An alternative method of implementing this would be to create a *.reg file, where the entries can be merged into the registry by simply double-clicking it. This file would contain:
1 2 3 4 5 6 7 8 9 10 11 12 13 14 15 16 17 18 19 20 21 |
Windows Registry Editor Version 5.00 [HKEY_CURRENT_USER\Software\Microsoft\Windows\CurrentVersion\Internet Settings\Zones\2] "1A00"=dword:00000000 [HKEY_CURRENT_USER\Software\Microsoft\Windows\CurrentVersion\Internet Settings\ZoneMap\EscDomains\MyDomain.com] [HKEY_CURRENT_USER\Software\Microsoft\Windows\CurrentVersion\Internet Settings\ZoneMap\EscDomains\MyDomain.com\MySSRSServerName] "http"=dword:00000002 [HKEY_CURRENT_USER\Software\Microsoft\Windows\CurrentVersion\Internet Settings\ZoneMap\EscDomains\MyDomain.com\MyAGListenerName] "http"=dword:00000002 [HKEY_CURRENT_USER\Software\Microsoft\Windows\CurrentVersion\Internet Settings\ZoneMap\EscDomains\MySSRSServerName] "http"=dword:00000002 [HKEY_CURRENT_USER\Software\Microsoft\Windows\CurrentVersion\Internet Settings\ZoneMap\EscDomains\MyAGListenerName] "http"=dword:00000002 [HKEY_LOCAL_MACHINE\Software\Policies\Google\Chrome] "AuthNegotiateDelegateWhitelist"="MyAGListenerName,MyAGListenerName.MyDomain.com,AGNode1,AGNode1.MyDomain.com,AGNode2,AGNode2.MyDomain.com" |
You will need to replace “Mydomain”, “MySSRSServerName”, “MyAGListenerName”, “AGNode1” and “AGNode2” as necessary to fit your environment.
Registry Key explanation
The first registry key sets the User Authentication to “Automatic login with current user name and password”.

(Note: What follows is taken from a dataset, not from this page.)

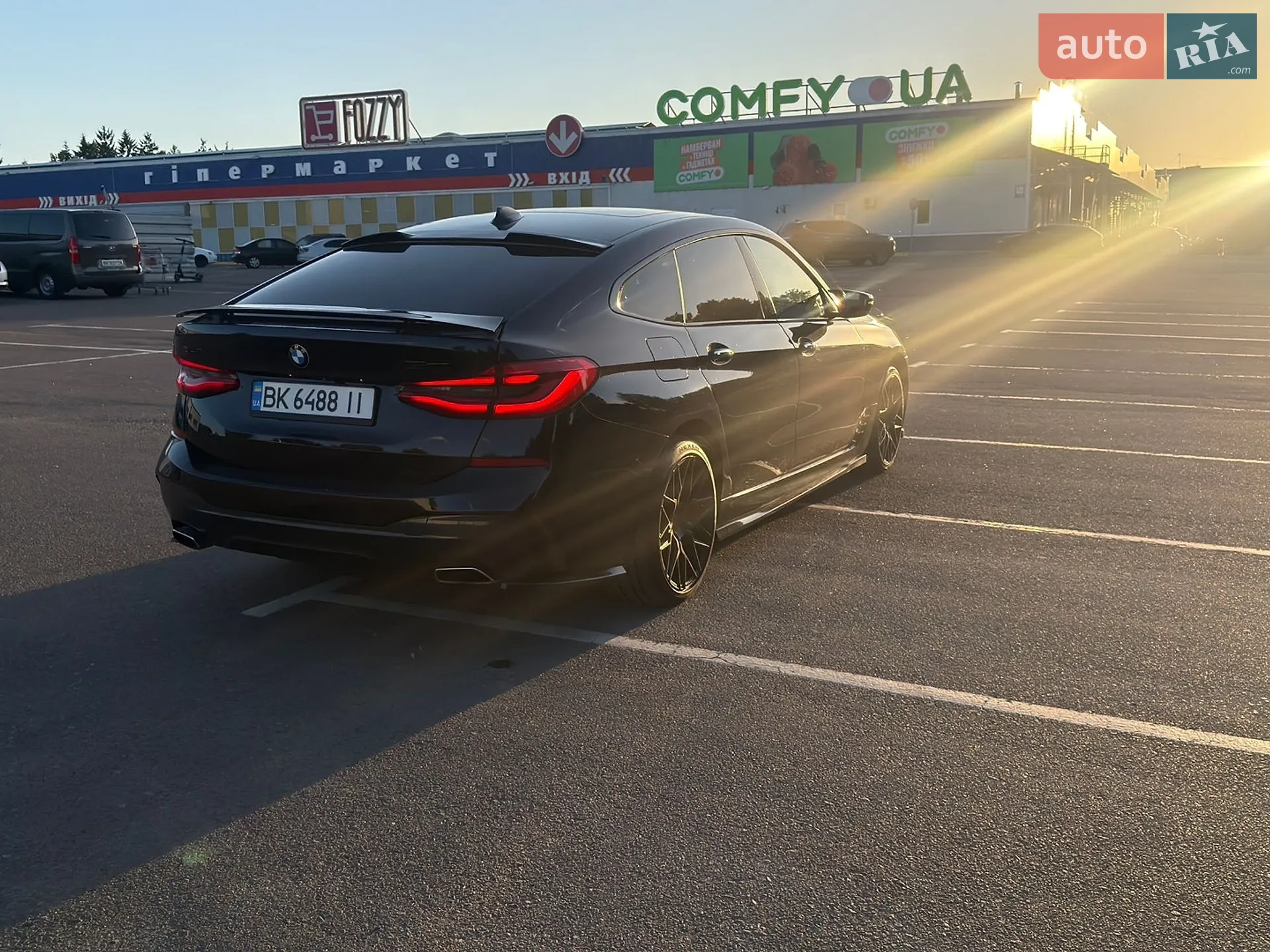 BMW 6 Series GT 2017 VIN WBAJV6C53JBJ99452 фото оголошення 32 з 36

The second registry key add your domain to the trusted servers. The third and fourth registry keys add your SSRS Server and AGListener names to this domain.
The fifth and sixth registry keys add your SSRS Server and AGListener names to the trusted sites, without being part of a domain name.
The seventh registry key adds the AGListener and all nodes of the Availability Group (both server name only, and fully qualified domain names) to the Google Chrome “AuthNegotiateDelegateWhitelist” policy.
If you’re not using an Availability Group Listener, change AGListener to the SQL Server Instance name that is represented by the data source of the report.
In Conclusion:
Using Google Chrome with SSRS, especially when the reports are on a different server, is certainly possible. It may sometimes require jumping through a few hoops. The hoops can be performed in a GPO to make it easy to apply across your company easily.